"Human Resource Management" explores four major policy areas. "Employee influence" discusses management's task of delegating appropriate power and responsibility over business goals, pay, working conditions, job security, and related issues. "Managing human resource flow" examines the responsibility managers share in handling the flow of employees through an organization -- from recruiting them and appraising their performance to formulating guidelines on career development, promotion, outplacement, and fair treatment. "Reward systems" looks at the objective of designing and administering a system of rewards to attract, motivate, and retain employees. And "work systems" considers how managers define, design, and supervise work itself -- whether it be at a manufacturing plant or in an office setting.

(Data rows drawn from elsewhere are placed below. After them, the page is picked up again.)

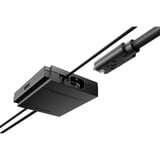 be quiet! be quiet! Light Wings Pro IO 360mm RGB case fans Zwart, 3 stuks, 360 x 120 x 28 mm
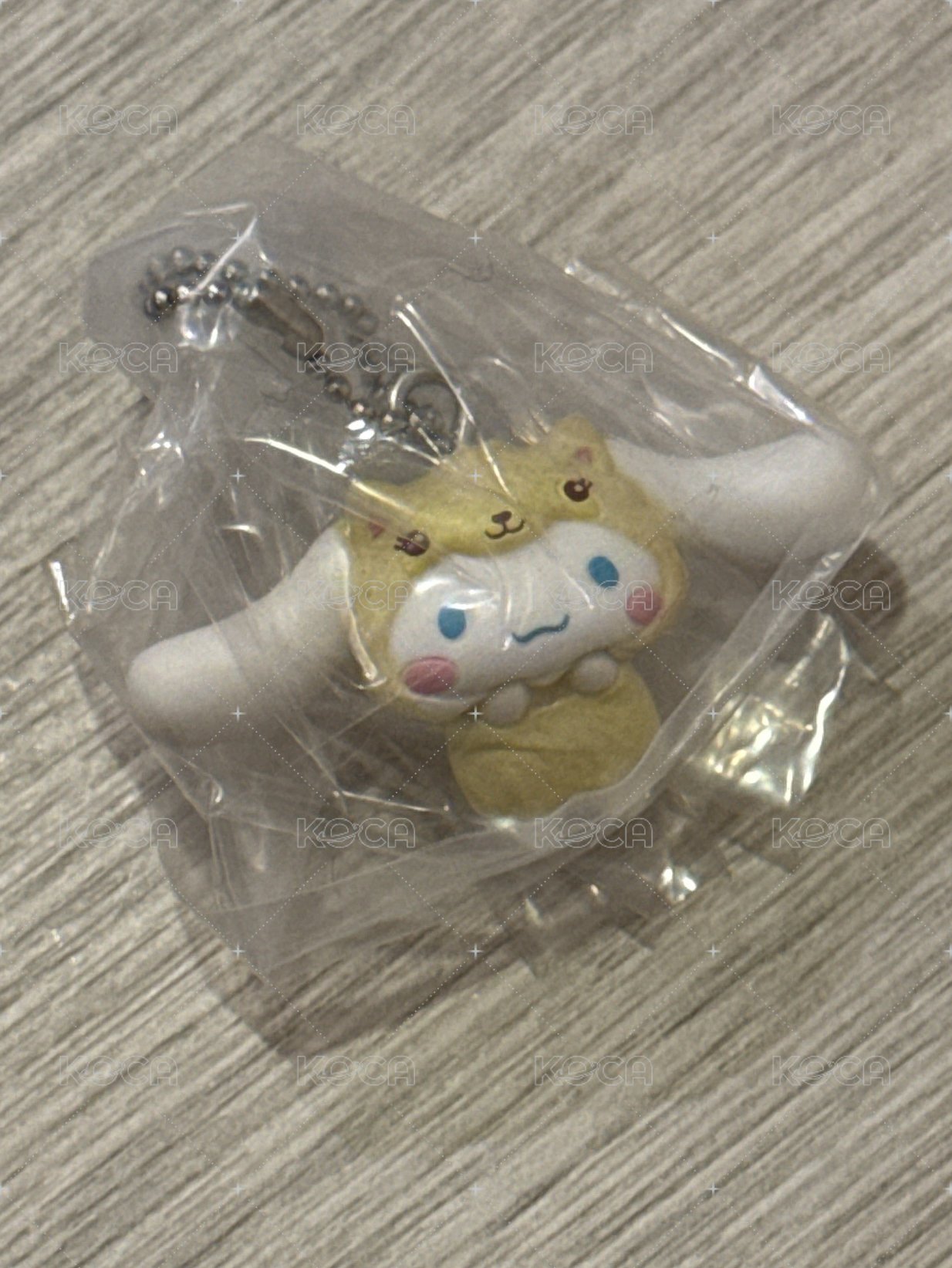 大耳狗 拿鐵色動物 小貓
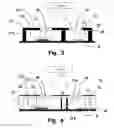 Fig. 03 - Proximity sensor  including enclosed accommodation space formed by housing including top shielding layer and side shielding layer and manufacturing method thereof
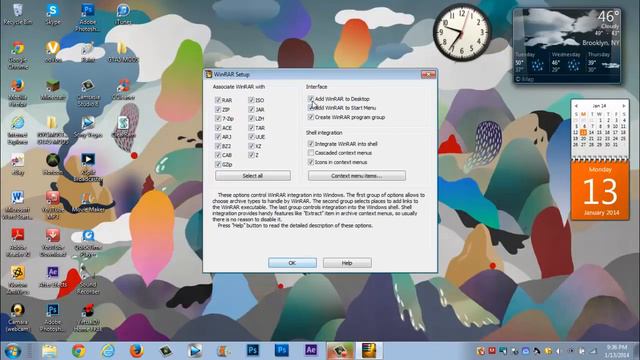 How To Get WinRAR For Free for Windows 7, Windows 8 , Windows 10 , Mac (Still Working 2020) смотреть онлайн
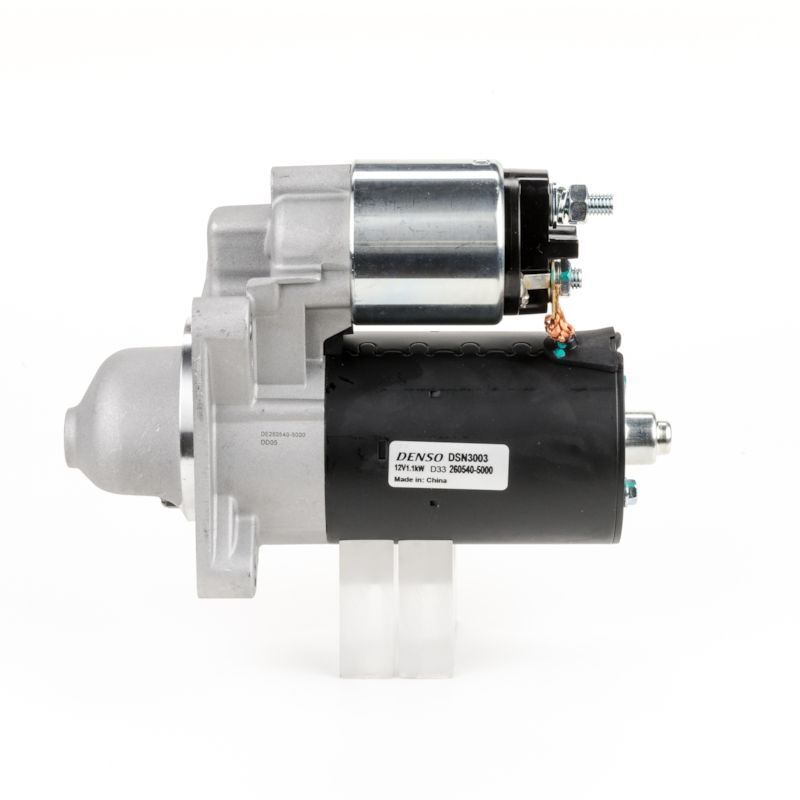 Denso Starter Motor DSN3003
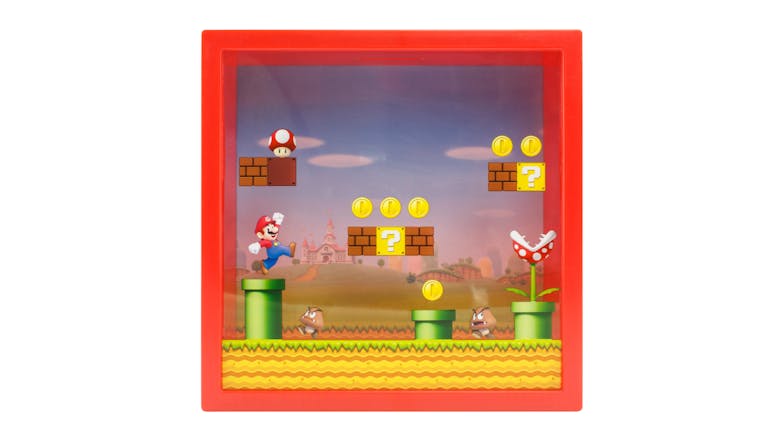 Paladone Novelty Money Box - Super Mario Bros.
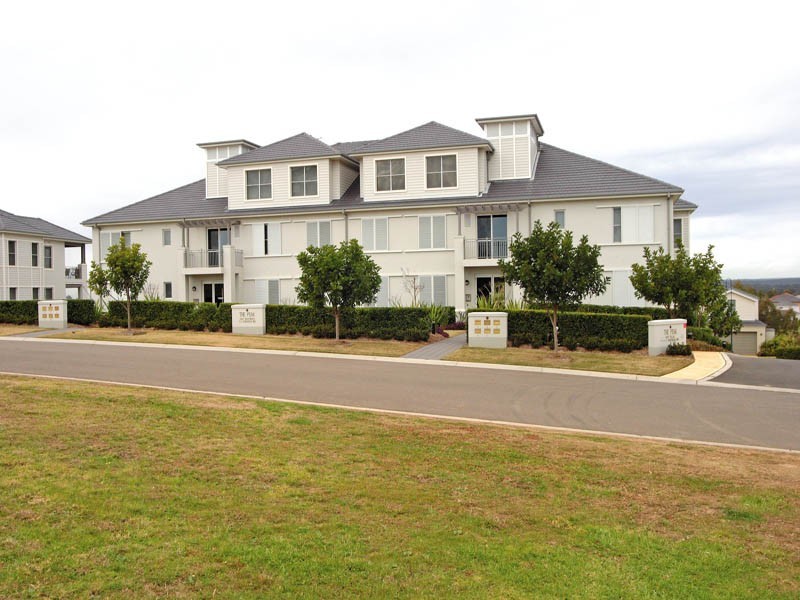 3 & 9, 112 Governers Way, Macquarie Links NSW 2565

Each policy area receives a thorough introduction by the authors (including a conceptual overview and necessary background information concerning institutional arrangements and typical personnel practice) and isfollowed by several cases presenting HRM problems and approaches in a range of real-world business settings. Lucid, richly detailed, and consistently stimulating, the cases permit students to develop their skills in:
* diagnosing a firm's human resource policies and recognizing their long-term consequences
* integrating human resource policies into a corporation's overall competitive strategy
* creating mechanisms for employee influence and participation as well as assessing the potential for union-management collaboration
* designing and administering reward systems that complement other HRM changes
* implementing practical, effective work systems that dramatically improve employee commitment and competence
Throughout, "Human Resource Management" demonstrates that HRM policy decisions can no longer be delegated as a functional specialty -- that HRM strategy must fit competitive strategy, that HRM involves investment decisions with long-term implications, and that employees are a major stakeholder whose interests can and must be acknowledged by top management. By presenting HRM as a coherent, "proactive" (rather than reactive) management model, it provides business students with the critical resources they will need to promote sound and productive relations between their organization and its employees.